> Dataset section
━━━━━━━━━━

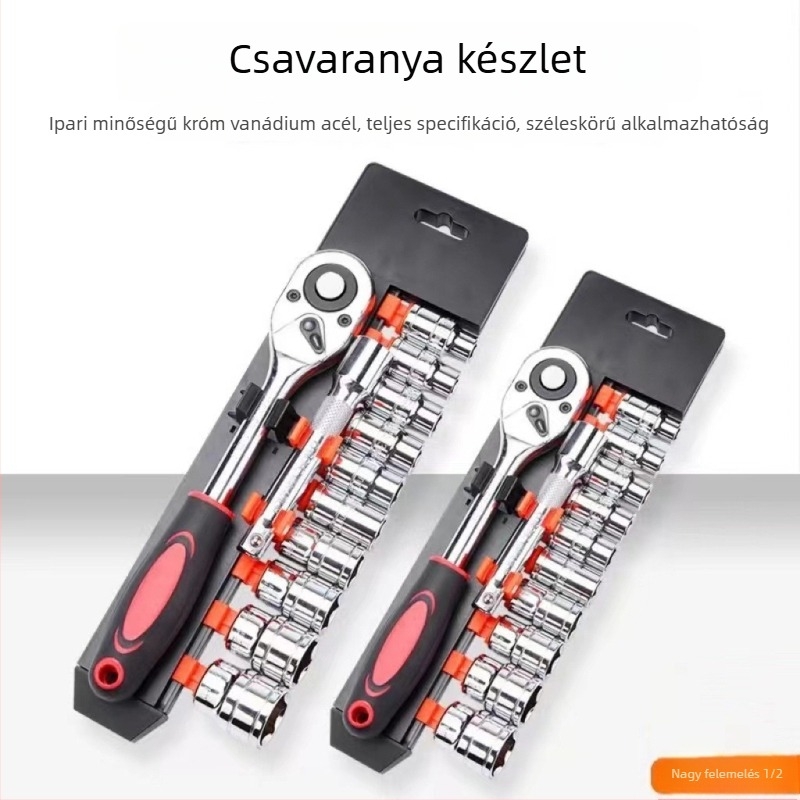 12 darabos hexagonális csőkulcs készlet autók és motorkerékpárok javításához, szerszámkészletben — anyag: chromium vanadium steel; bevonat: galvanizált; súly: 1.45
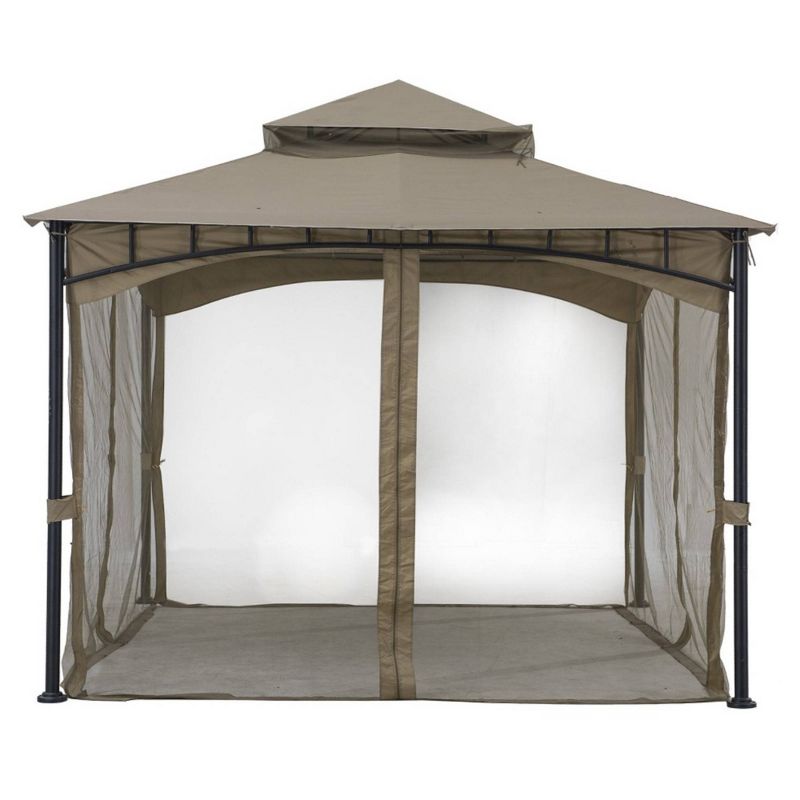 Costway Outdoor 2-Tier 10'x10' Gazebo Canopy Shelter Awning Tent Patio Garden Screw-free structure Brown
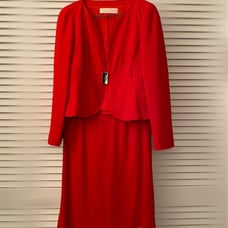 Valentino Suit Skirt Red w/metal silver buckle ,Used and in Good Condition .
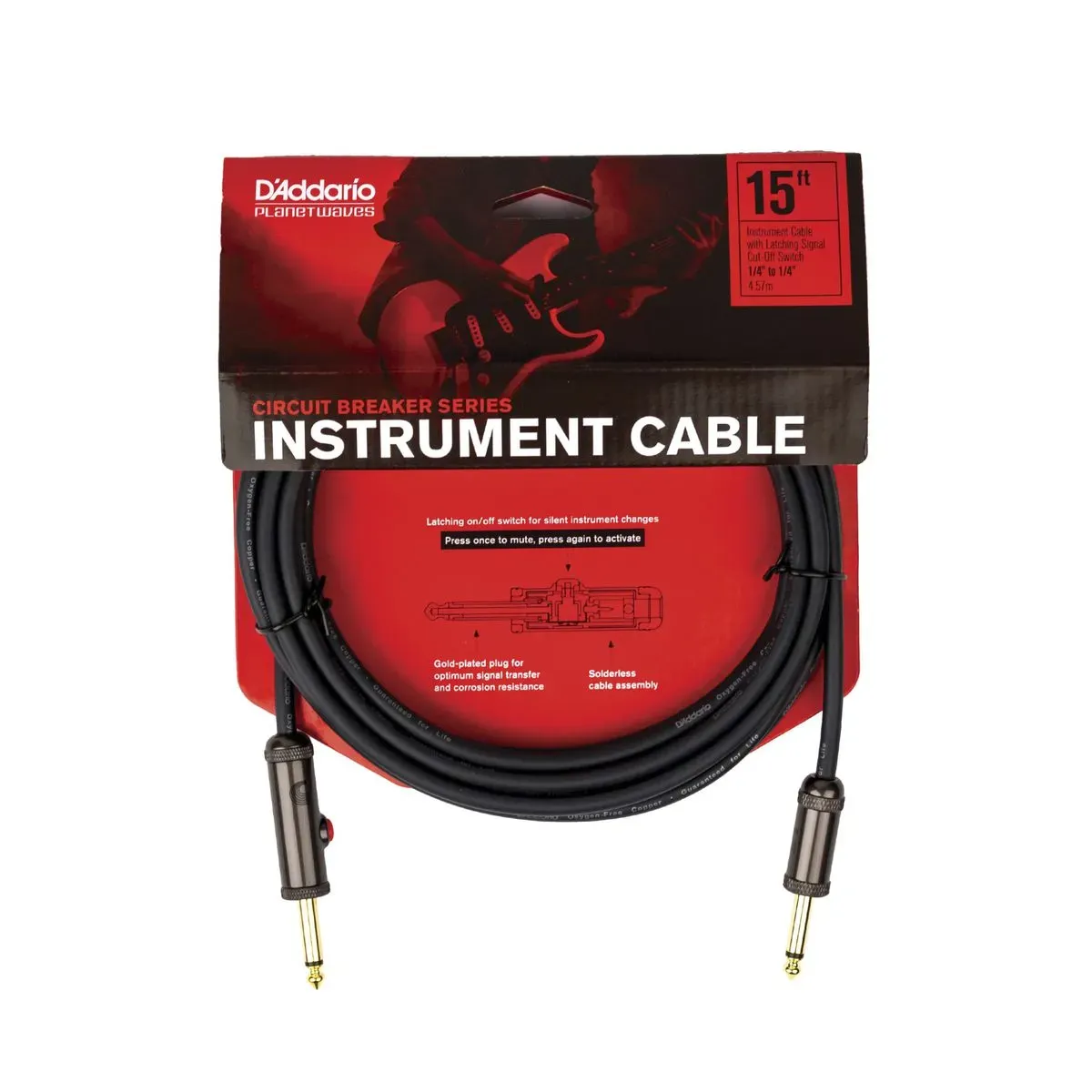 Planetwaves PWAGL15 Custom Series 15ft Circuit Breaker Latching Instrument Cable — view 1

━━━━━━━━━━

> What you have to do
Line by line and exactly, write out the material above. Skip the pictures.

> Task output
 12 darabos hexagonális csőkulcs készlet autók és motorkerékpárok javításához, szerszámkészletben — anyag: chromium vanadium steel; bevonat: galvanizált; súly: 1.45
 Costway Outdoor 2-Tier 10'x10' Gazebo Canopy Shelter Awning Tent Patio Garden Screw-free structure Brown
 Valentino Suit Skirt Red w/metal silver buckle ,Used and in Good Condition .
 Planetwaves PWAGL15 Custom Series 15ft Circuit Breaker Latching Instrument Cable — view 1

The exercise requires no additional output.